United Airlines is considering a significant expansion of its Washington Dulles hub, says president Scott Kirby.

The carrier is evaluating adding two additional flight banks – a period of time when a number of arriving and departing flights are bunched together – for a total of six at Dulles, he says at the Boyd Group International Aviation Forecast Summit in Denver.

"Today we have a four-bank structure at Dulles," says Kirby. "The team is actually evaluating a six-bank structure that would create opportunity to add more frequencies in markets."

The move, which could amount to a nearly 50% increase in flights by United at Dulles, would come on the back of continuing growth at the airport. Passenger traffic was up 4.5% to nine million during the first five months of 2018, data from operator the Metropolitan Washington Airports Authority (MWAA) shows.

Seats on United increased 3% year-over-year during the same period, FlightGlobal schedules data shows.

"We've grown Dulles pretty aggressively this year, and it's done really well," says Kirby.

The Star Alliance carrier plans further growth at Dulles. It will begin new service to Plattsburgh (New York) in August; Chattanooga, Ithaca and Wilkes-Barre/Scranton in October; and Miami in December, schedules show. Tel Aviv service starts in May 2019.

Much of the growth aims to capture more connecting passengers, especially those travelling north-south along the US East Coast, who previously connected at United's Newark hub – or travelled on another airline entirely.

"It's no secret that Dulles is a better connecting hub than Newark," Ankit Gupta, vice-president of domestic network planning at United, told FlightGlobal in June.
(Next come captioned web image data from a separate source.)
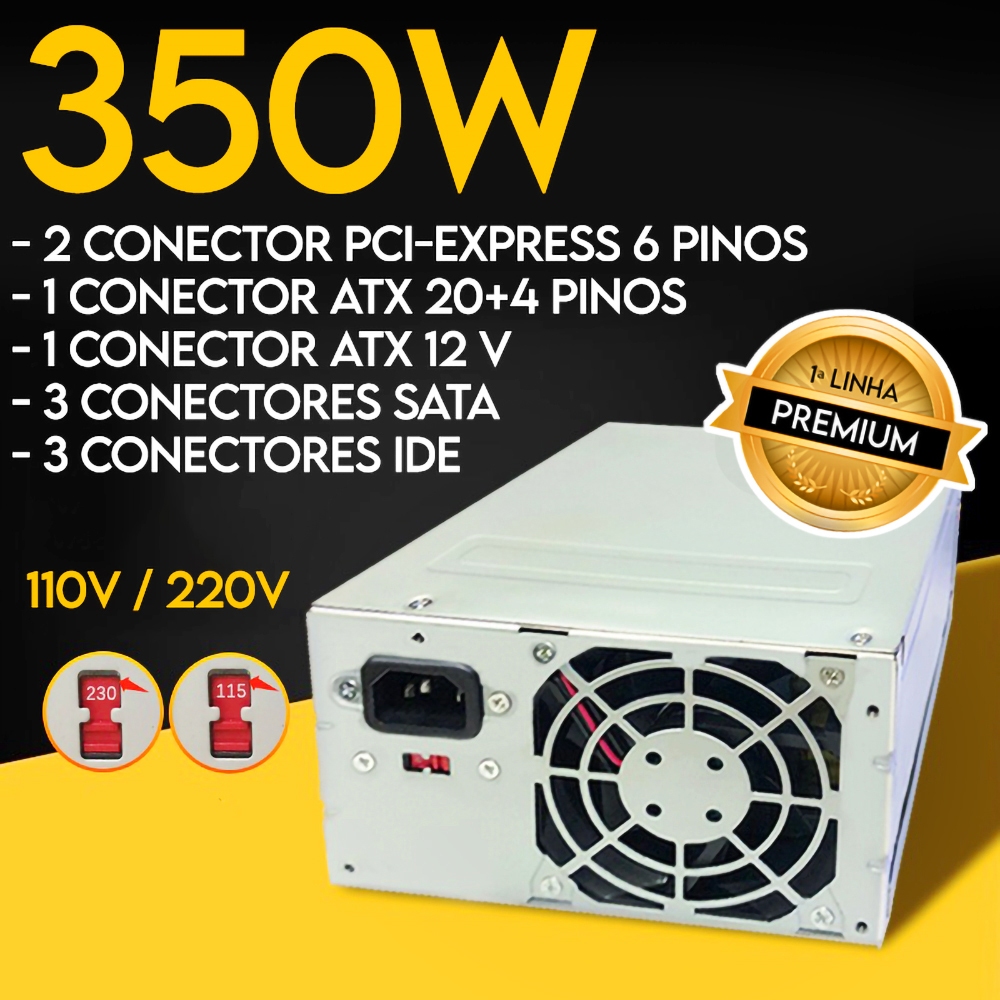 Fonte de Alimentação para PC 350W Bivolt Manual com Cooler 120mm Silenciosa ATX 20+4P SATA PCI-E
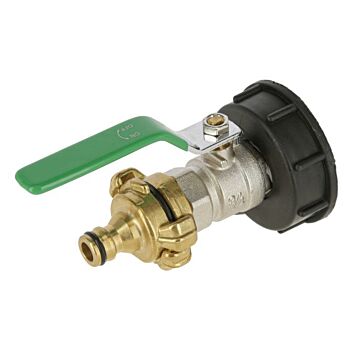 IBC aansluiting met Kogelkraan met  Geka-koppeling en  snelkoppeling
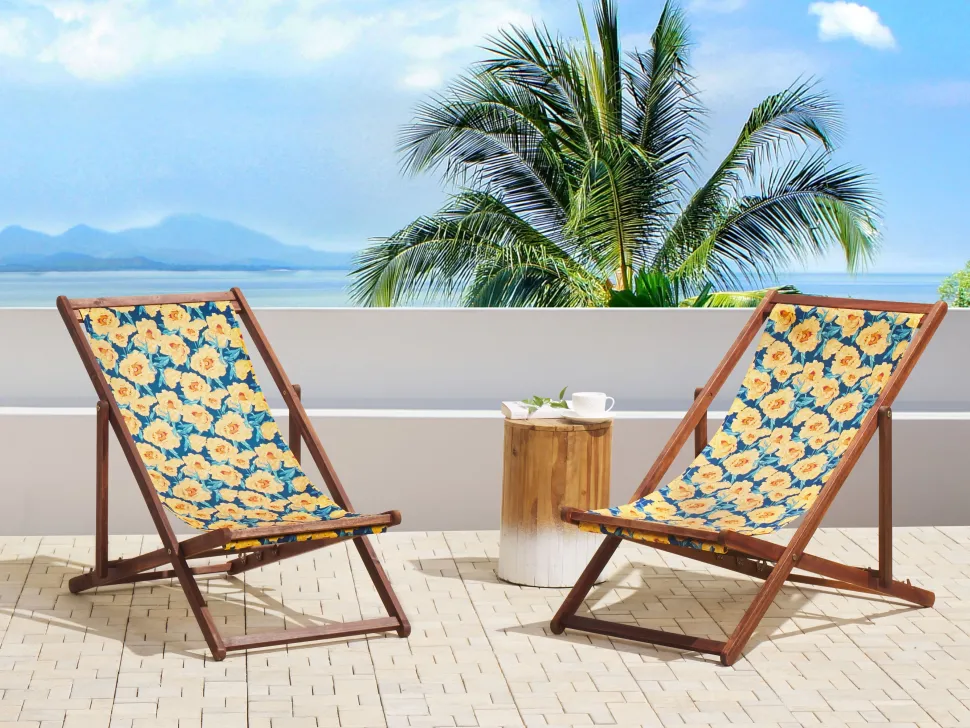 Conjunto 2 Espreguicadeiras Madeira Escura E 2 Lonas Brancas E Padrao Flores Anzio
Dulles continues to attract new service on other airlines, in addition to United's growth. Volaris Costa Rica began service from San Salvador in May, Primera Air will launch flights from London Stansted this month and Cathay Pacific Airways from Hong Kong in September.

MIDFIELD CONCOURSE

United's aging midfield facility, comprising concourses C and D, and derided by many passengers, at Washington Dulles is here to stay for the time being.
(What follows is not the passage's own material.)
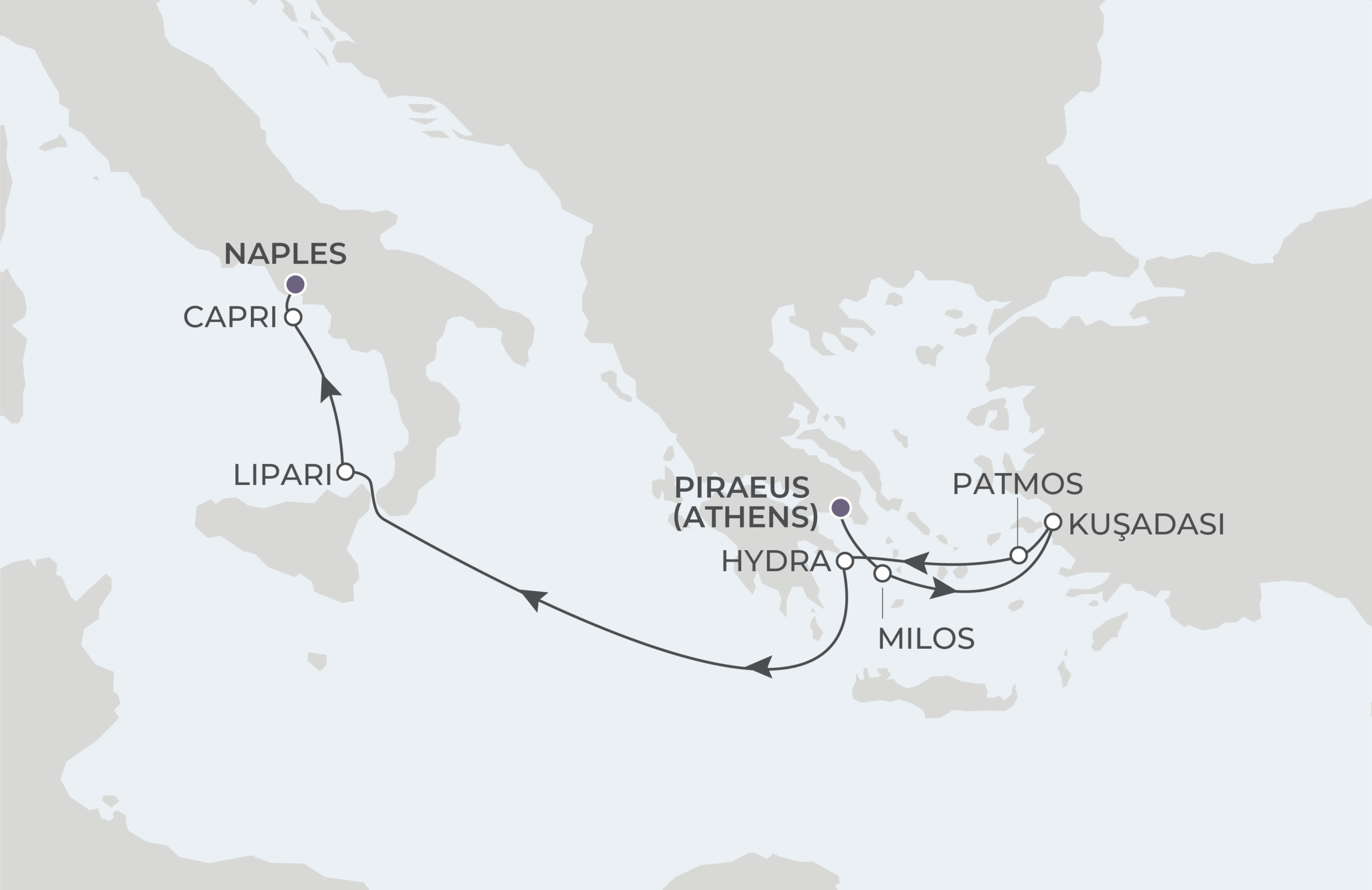 World Traveller Voyage WTR270923 September 23-October 1, 2027 itinerary route map from Piraeus (Athens), Greece to Naples (Pompeii), Italy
"There's nothing in the hopper to change that," says Kirby when asked if the airline was planning a new concourse to replace the facility that opened in the mid-1980s.

The move is part of an effort to keep costs low at Dulles, which earned a reputation as being a high cost airport following $3 billion in capital projects in the early 2000s. That programme included the automated train connecting the terminal and concourses that opened in 2010, and the fourth runway that opened in 2008.

However, those investments came just as traffic began to fall following the 2008 recession and United's merger with Continental Airlines in 2010.

"One of the important things about making growth at a hub like Dulles successful is cost base," says Kirby. "Having the cost base go up would be really damaging to the growth process."

Costs at Dulles have fallen steadily since peaking in 2014. The average cost of boarding one passenger on a flight fell below to $17 last year, the first time below $20 since 2010. MWAA forecasts that expenses will fall further to $16.89 per passenger in 2018.

Dulles CPE traffic chart

MWAA, FlightGlobal schedules

United, for its part, could drive costs lower by better utilising its facilities. A benefit of adding flight banks, versus just more flights, is that it could use its 77 gates at Dulles for more of the day.

Currently, the airline's facilities at the airport are only full during several of its four banks, with concourses C/D looking a bit like a ghost town outside those times.

A new midfield concourse complex would likely drive costs at Dulles up – not down – nixing the possibility of such an investment, at least for now.